CakapCakap – Cakap People! Lebih dari 30 warga sipil dan polisi terluka dalam aksi unjuk rasa anti-pemerintah Thailand, kata sebuah pusat medis darurat pada Minggu, 21 Maret 2021, setelah polisi menggunakan water canon, gas air mata dan peluru karet untuk membubarkan demonstrasi pada malam sebelumnya.
Reuters melaporkan, video yang beredar di media sosial menunjukkan polisi memukul dan menginjak orang-orang, sementara yang lain melarikan diri dari polisi dengan perlengkapan anti huru hara dan beberapa meninggalkan sepeda motor mereka. Video lain menunjukkan orang-orang berlindung dari gas air mata di restoran McDonald’s.
Sebanyak 13 petugas polisi dan 20 lainnya terluka, kata Pusat Medis Erawan.
Polisi mengatakan pada hari Minggu tindakan mereka sesuai dengan standar internasional dan sebanyak 20 pengunjuk rasa ditangkap karena melanggar undang-undang pertemuan publik dan menghina monarki.
“Kekerasan berasal dari pihak pengunjuk rasa dan polisi harus membela hukum dan melindungi harta nasional,” kata wakil kepala polisi Bangkok, Piya Tavichai, kepada wartawan.
Para pengunjuk rasa tidak setuju atas komentar polisi tersebut.
“Kekerasan datang dari polisi dulu, menggunakan gas air mata dan water canon sebelum pengunjuk rasa melakukan sesuatu,” kata aktivis Rukchanok Srinork, 27 tahun, yang berada di tempat demonstrasi itu.
“Mereka memiliki helm, perisai, pelatihan pengendalian massa, jika ada batu, angkat perisaimu.”

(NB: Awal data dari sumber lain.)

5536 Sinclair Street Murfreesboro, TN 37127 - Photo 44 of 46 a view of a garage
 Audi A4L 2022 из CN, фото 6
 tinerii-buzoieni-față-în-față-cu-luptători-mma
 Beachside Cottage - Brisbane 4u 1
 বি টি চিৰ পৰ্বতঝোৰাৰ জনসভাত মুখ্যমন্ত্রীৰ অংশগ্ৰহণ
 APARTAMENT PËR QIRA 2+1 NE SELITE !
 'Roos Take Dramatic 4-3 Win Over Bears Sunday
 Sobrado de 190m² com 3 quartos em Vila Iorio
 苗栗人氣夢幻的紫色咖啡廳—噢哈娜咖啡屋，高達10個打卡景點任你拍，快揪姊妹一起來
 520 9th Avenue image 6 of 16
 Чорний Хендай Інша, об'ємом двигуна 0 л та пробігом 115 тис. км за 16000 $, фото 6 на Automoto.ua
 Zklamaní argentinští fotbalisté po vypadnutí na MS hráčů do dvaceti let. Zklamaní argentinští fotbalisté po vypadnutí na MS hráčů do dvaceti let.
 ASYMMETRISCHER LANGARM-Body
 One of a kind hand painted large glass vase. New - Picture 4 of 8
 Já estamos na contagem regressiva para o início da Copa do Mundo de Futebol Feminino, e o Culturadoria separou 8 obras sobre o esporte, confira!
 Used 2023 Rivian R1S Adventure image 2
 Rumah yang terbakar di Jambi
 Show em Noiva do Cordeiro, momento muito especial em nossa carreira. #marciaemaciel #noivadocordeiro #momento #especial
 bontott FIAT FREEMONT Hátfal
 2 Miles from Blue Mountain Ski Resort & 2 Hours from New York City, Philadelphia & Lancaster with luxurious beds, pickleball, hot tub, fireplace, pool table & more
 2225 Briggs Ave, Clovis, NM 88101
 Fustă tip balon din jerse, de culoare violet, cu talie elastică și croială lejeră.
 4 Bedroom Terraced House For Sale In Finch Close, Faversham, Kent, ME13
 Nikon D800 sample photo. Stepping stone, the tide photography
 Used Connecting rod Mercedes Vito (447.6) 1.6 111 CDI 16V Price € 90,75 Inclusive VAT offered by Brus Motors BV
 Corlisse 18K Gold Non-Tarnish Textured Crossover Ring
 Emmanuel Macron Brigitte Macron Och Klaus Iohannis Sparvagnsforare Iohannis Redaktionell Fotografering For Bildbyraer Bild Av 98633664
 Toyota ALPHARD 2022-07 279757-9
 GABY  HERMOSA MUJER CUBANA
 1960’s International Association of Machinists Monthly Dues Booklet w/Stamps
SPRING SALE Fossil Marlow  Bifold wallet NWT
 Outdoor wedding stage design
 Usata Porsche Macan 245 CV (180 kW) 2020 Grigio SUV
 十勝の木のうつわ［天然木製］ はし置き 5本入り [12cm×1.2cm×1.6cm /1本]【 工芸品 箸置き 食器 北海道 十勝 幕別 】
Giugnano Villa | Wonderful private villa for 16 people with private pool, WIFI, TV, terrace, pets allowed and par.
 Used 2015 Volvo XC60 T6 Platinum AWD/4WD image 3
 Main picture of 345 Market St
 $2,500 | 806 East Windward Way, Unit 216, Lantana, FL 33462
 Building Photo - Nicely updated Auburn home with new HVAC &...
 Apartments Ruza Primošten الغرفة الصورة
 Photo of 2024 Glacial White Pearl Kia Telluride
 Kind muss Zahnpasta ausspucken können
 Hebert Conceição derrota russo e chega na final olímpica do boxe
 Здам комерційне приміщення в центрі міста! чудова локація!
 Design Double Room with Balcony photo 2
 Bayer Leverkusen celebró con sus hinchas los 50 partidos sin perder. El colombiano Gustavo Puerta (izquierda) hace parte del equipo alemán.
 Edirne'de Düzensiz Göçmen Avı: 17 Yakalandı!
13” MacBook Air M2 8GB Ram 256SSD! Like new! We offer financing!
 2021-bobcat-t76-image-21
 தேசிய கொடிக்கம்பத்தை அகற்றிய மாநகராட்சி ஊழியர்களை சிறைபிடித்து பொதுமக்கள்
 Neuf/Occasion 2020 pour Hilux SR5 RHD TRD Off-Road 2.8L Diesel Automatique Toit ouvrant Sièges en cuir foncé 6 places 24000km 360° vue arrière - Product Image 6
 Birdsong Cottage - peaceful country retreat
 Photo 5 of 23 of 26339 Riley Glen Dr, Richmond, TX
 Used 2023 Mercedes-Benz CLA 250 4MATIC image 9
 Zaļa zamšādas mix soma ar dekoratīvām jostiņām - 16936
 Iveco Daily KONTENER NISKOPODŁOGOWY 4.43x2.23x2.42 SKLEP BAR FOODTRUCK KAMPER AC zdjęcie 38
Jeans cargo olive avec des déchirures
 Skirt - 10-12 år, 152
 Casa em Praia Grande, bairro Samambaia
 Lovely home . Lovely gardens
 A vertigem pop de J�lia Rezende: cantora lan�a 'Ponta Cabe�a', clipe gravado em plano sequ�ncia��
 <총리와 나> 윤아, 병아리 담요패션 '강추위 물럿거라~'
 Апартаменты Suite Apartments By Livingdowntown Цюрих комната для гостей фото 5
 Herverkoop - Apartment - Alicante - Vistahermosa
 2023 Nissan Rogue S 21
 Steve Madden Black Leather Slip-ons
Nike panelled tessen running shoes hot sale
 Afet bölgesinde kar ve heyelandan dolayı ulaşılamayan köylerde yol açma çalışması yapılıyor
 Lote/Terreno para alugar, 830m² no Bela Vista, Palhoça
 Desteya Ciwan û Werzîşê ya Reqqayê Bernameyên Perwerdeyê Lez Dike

Foto Raja Thailand dirusak pada aksi demonstrasi Sabtu malam, yang dihadiri lebih dari 1.000 orang.
Protes anti-pemerintah di Thailand bulan ini menyebabkan lebih dari 20 pengunjuk rasa terluka.
Gerakan protes pemuda Thailand muncul tahun lalu dan telah menjadi tantangan terbesar bagi pemerintah Perdana Menteri Prayut Chan-o-cha, seorang pensiunan jenderal angkatan darat yang merebut kekuasaan pada tahun 2014 dari pemerintah terpilih.
Para pengunjuk rasa mengatakan Prayut Chan-o-cha merekayasa proses yang melestarikan pembentukan monarki militer dan membuatnya tetap berkuasa setelah pemilu 2019. Prayut dan pendukungnya menolak pernyataan itu.
Para pengunjuk rasa menuntut reformasi monarki, melanggar tabu tradisional, mengatakan Konstitusi yang dirancang oleh militer setelah kudeta 2014 memberi Raja Thailand terlalu banyak kekuasaan.
Istana Kerajaan, yang menolak berkomentar pada hari Minggu, telah menghindari berkomentar langsung tentang protes tersebut. Pemerintah mengatakan kritik terhadap Raja itu melanggar hukum dan tidak pantas.